InMoDeGAN: Interpretable Motion Decomposition Generative Adversarial Network for Video Generation
This work provides a novel approach for researchers and developers in video generation to create more controllable and interpretable video synthesis models, addressing the challenge of understanding latent space in generative models.
This paper introduces InMoDeGAN, an unconditional video generative model that not only generates high-quality videos but also allows for the interpretation and manipulation of motion in its latent space. The model significantly outperforms state-of-the-art methods on the VoxCeleb2-mini and BAIR-robot datasets in terms of video quality.

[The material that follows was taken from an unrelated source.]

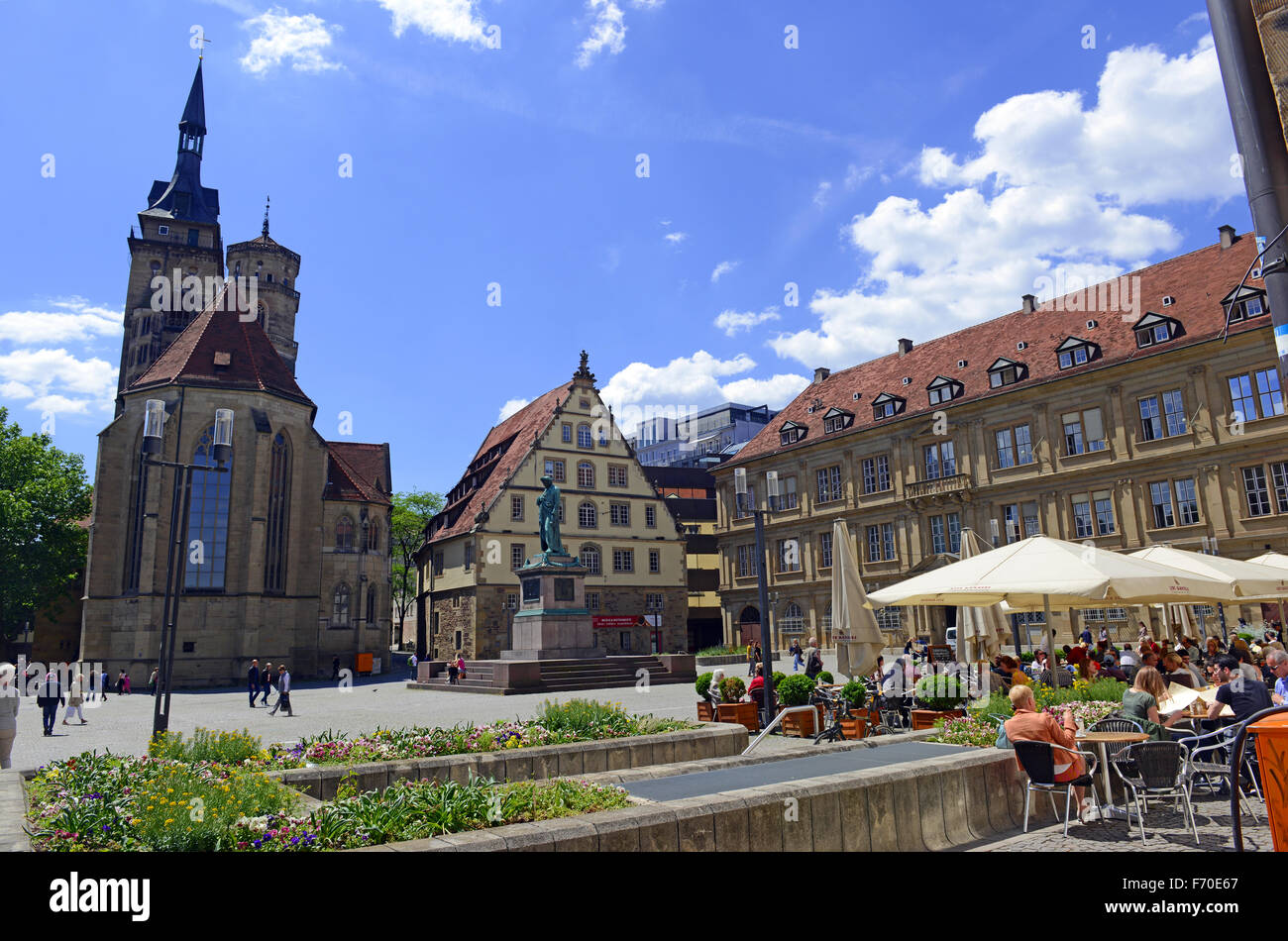 Schlossplatz, Stuttgart Germany Stock Photo - Alamy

In this work, we introduce an unconditional video generative model, InMoDeGAN, targeted to (a) generate high quality videos, as well as to (b) allow for interpretation of the latent space. For the latter, we place emphasis on interpreting and manipulating motion. Towards this, we decompose motion into semantic sub-spaces, which allow for control of generated samples. We design the architecture of InMoDeGAN-generator in accordance to proposed Linear Motion Decomposition, which carries the assumption that motion can be represented by a dictionary, with related vectors forming an orthogonal basis in the latent space. Each vector in the basis represents a semantic sub-space. In addition, a Temporal Pyramid Discriminator analyzes videos at different temporal resolutions. Extensive quantitative and qualitative analysis shows that our model systematically and significantly outperforms state-of-the-art methods on the VoxCeleb2-mini and BAIR-robot datasets w.r.t. video quality related to (a). Towards (b) we present experimental results, confirming that decomposed sub-spaces are interpretable and moreover, generated motion is controllable.